But I have learned that God never sends evil. In fact, God is always the source of good, and this Biblical promise is not empty: "But my God shall supply all your need according to his riches in glory by Christ Jesus" (Phil. 4:19).
Perhaps the key is in how we approach God. If we see Him as a source of chaos or of incomprehensible evil, our own thinking can blind us to a spiritual solution. Perhaps we need to approach God in the same manner as did Jesus, who advised his followers in what has since been called the Sermon on the Mount: "Therefore take no thought, saying, What shall we eat? or, What shall we drink? or, Wherewithal shall we be clothed?... But seek ye first the kingdom of God, and his righteousness; and all these things shall be added unto you" (Matt. 6:31, 33).
These Bible verses lifted me out of hopelessness. Starting from the kingdom of God, not from the problem, I knew that God loves all His children, whether they call themselves Christians, Jews, Muslims, or whatever else.
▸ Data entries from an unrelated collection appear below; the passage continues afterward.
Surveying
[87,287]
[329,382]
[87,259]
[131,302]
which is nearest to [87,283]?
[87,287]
No one can be left out of God's all- encompassing love.
I felt intuitively that a solution would be found, because no matter how big the problem, God remains infinite. I was interested to find that Mary Baker Eddy wrote in Science and Health, "Both Science and consciousness are now at work in the economy of being according to the law of Mind, which ultimately asserts its absolute supremacy" (pg. 423).
I don't know specifically how this crisis will be averted through the divine "economy of being," but I love this injunction in II Corinthians: "By an equality, that now at this time your abundance may be a supply for their want, that their abundance also may be a supply for your want: that there may be equality" (8:14).
It seems to me that all international assistance efforts are following this guideline, whether consciously or unconsciously. I was heartened to learn recently that the United States has led the way in announcing that an additional 100,000 metric tons of wheat are available for Ethiopia. While there will be a continuing need for foodstuffs, and the logistics of transport and distribution are formidable, I know that progress is being made.
What's more, I learned that the word famine has been substituted by "food crisis" in discourse about the problem. This isn't just political correctness or government-speak. While a "famine" brings the connotation of unavoidable evil, a "crisis" can be solved. I know that across the globe, men and women of good will, motivated by a Christlike love for their less fortunate brothers and sisters, will find inspired solutions.